Peru signs Facility Agreement
On 14 March 2001, a Facility Agreement was signed by the Permanent Representative of Peru, Ambassador Javier Paulinich (left), and the Executive Secretary of the CTBTO Preparatory Commission, Wolfgang Hoffmann (right) at the headquarters of the Preparatory Commission in Vienna.
The Facility Agreement grants legal authority to the Preparatory Commission to work on Peruvian territory to establish a new auxiliary seismic station in Cajamarca (AS 77) and to upgrade an existing auxiliary station in Nana (AS 78). The stations are part of a network of 50 primary and 120 auxiliary seismic stations whose data can be used to help distinguish between possible nuclear explosions and the thousands of earth tremors registered annually.
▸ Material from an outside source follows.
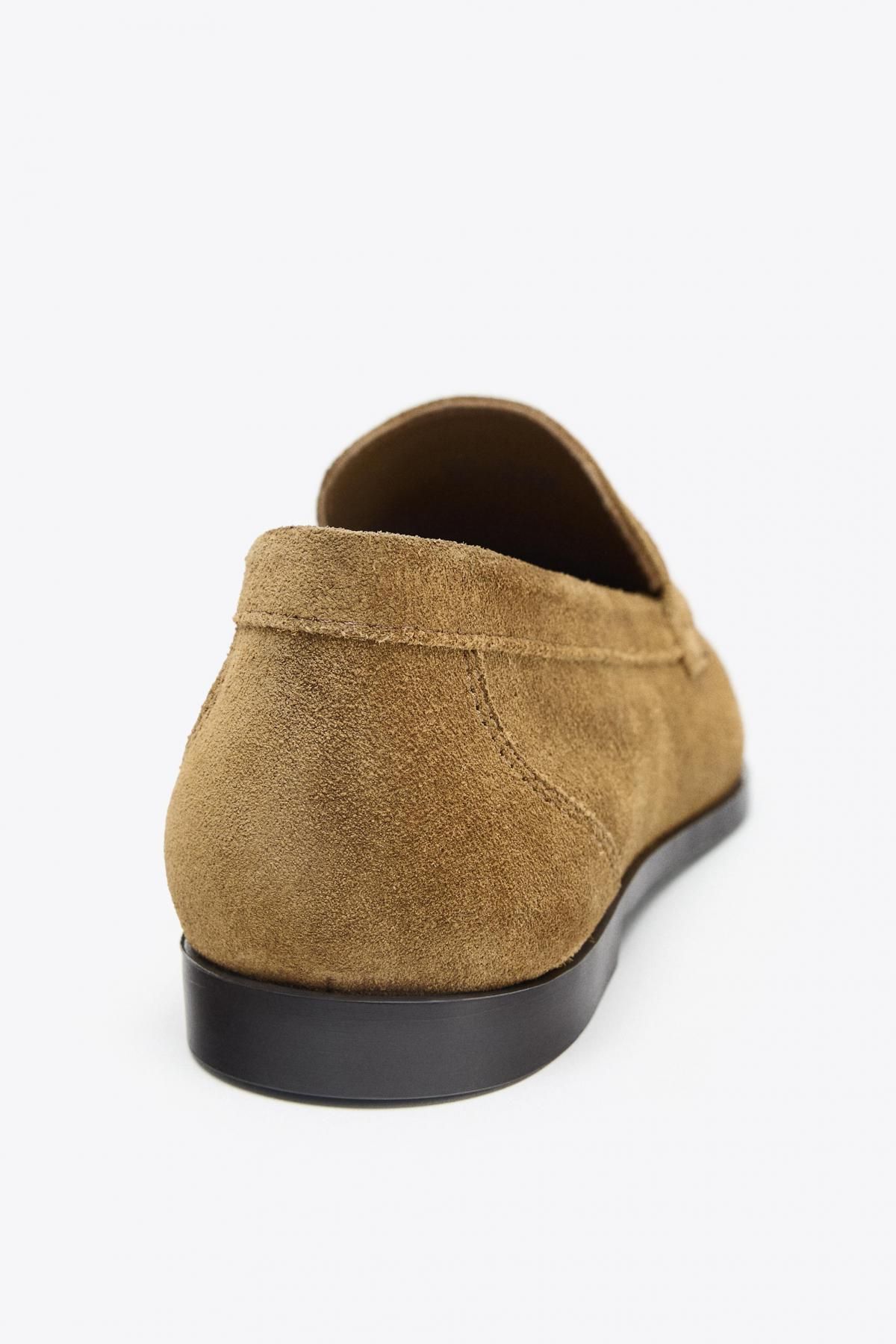 자라 스웨이드 클래식 태슬 플랫 로퍼 2521/610 SAND BROWN - 상세 이미지 4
The seismic stations together with 60 infrasound, 11 hydroacoustic and 80 radionuclide stations form the International Monitoring System (IMS), a global network of 321 stations which is supported by 16 laboratories. When fully operational, the IMS will be able to record acoustic signals in the atmosphere, under ground or in the seas as well as sample radioactive material from a possible nuclear explosion anywhere in the world. Some 100 monitoring stations are already transmitting data to the International Data Centre (IDC) in Vienna via the satellite-based Global Communications Infrastructure.